Items from a dataset:
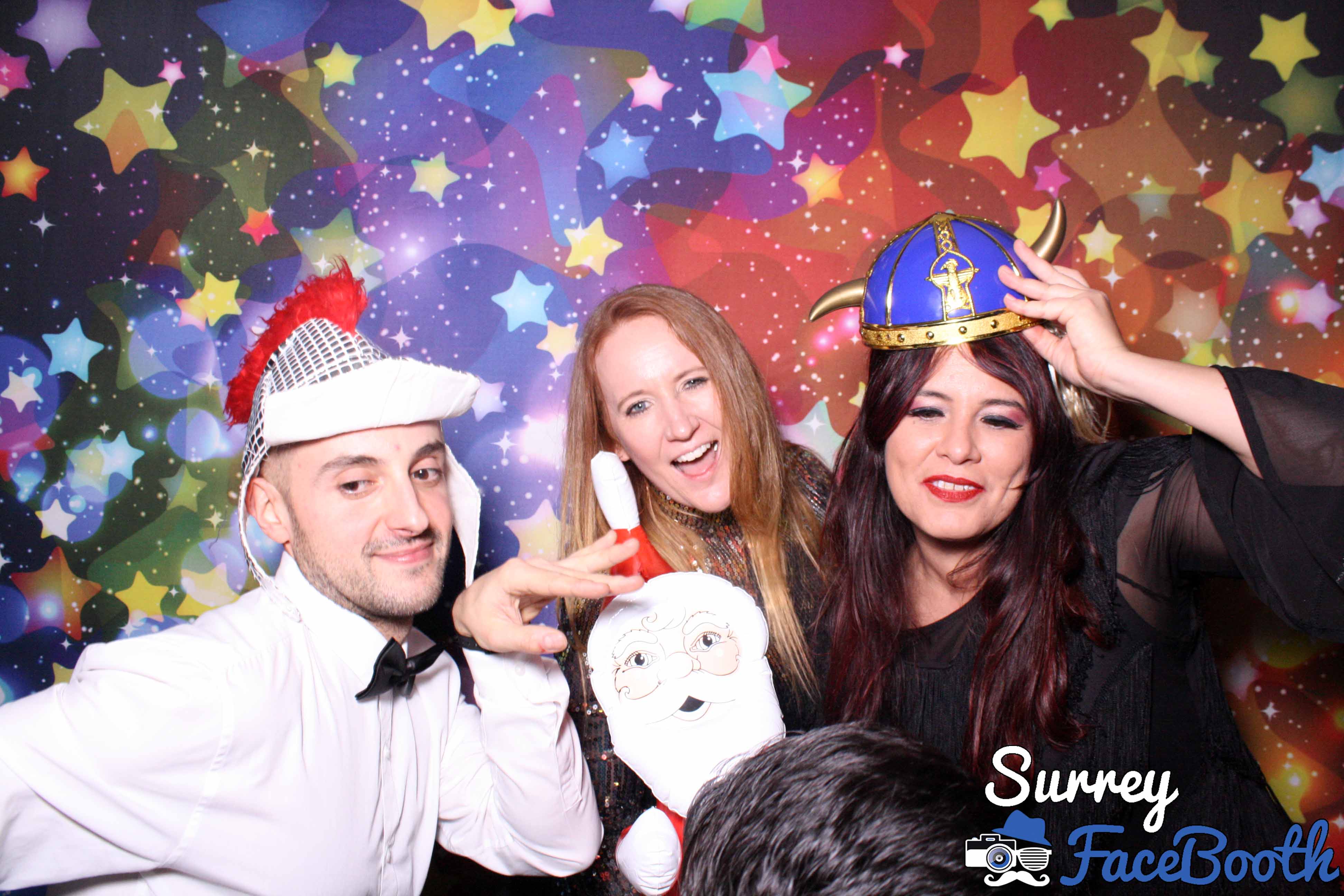 Universal Music Christmas Party | View more photos from the event at galleries.surreyfacebooth.co.uk/u/Surrey-FaceBooth/Universal-Music-Christmas-Party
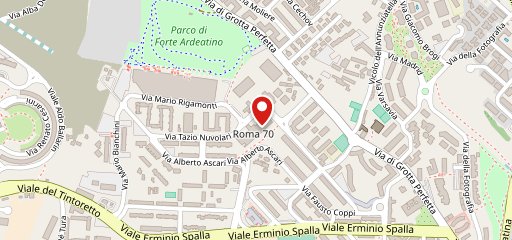 Dodici Roma 70 на карте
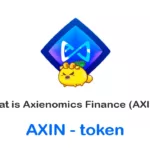 ما هي العملة الرقمية AXIN /Axienomics مشروعها و معلومات عنها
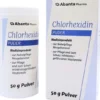 Chlorhexidin Puder 50g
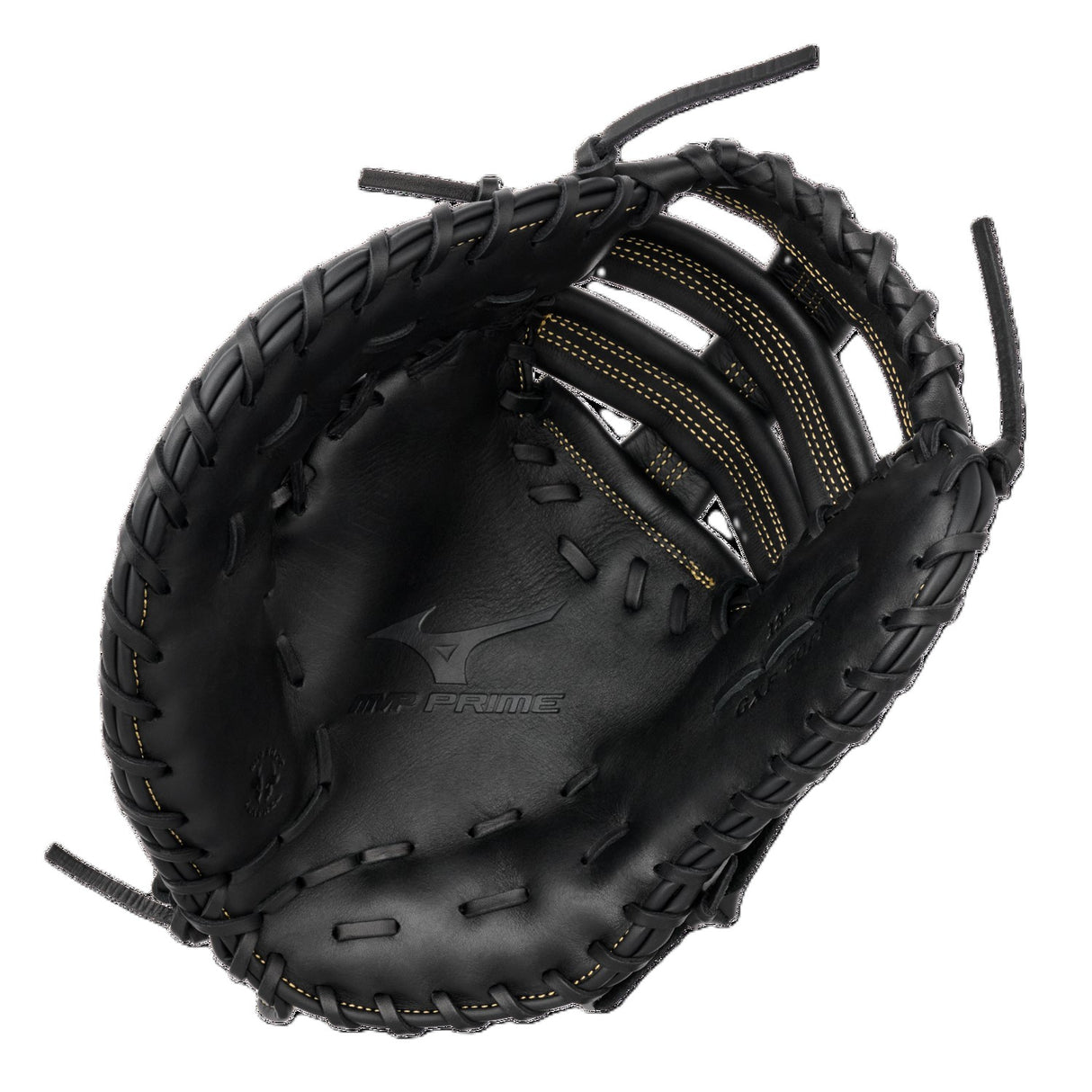Mizuno MVP Prime Fastpitch Softball First Base Mitt 13"-2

What the task asks: Give back every record above exactly as written, skipping each picture.

Solution for this task:
 Universal Music Christmas Party | View more photos from the event at galleries.surreyfacebooth.co.uk/u/Surrey-FaceBooth/Universal-Music-Christmas-Party
 Dodici Roma 70 на карте
 ما هي العملة الرقمية AXIN /Axienomics مشروعها و معلومات عنها
 Chlorhexidin Puder 50g
Mizuno MVP Prime Fastpitch Softball First Base Mitt 13"-2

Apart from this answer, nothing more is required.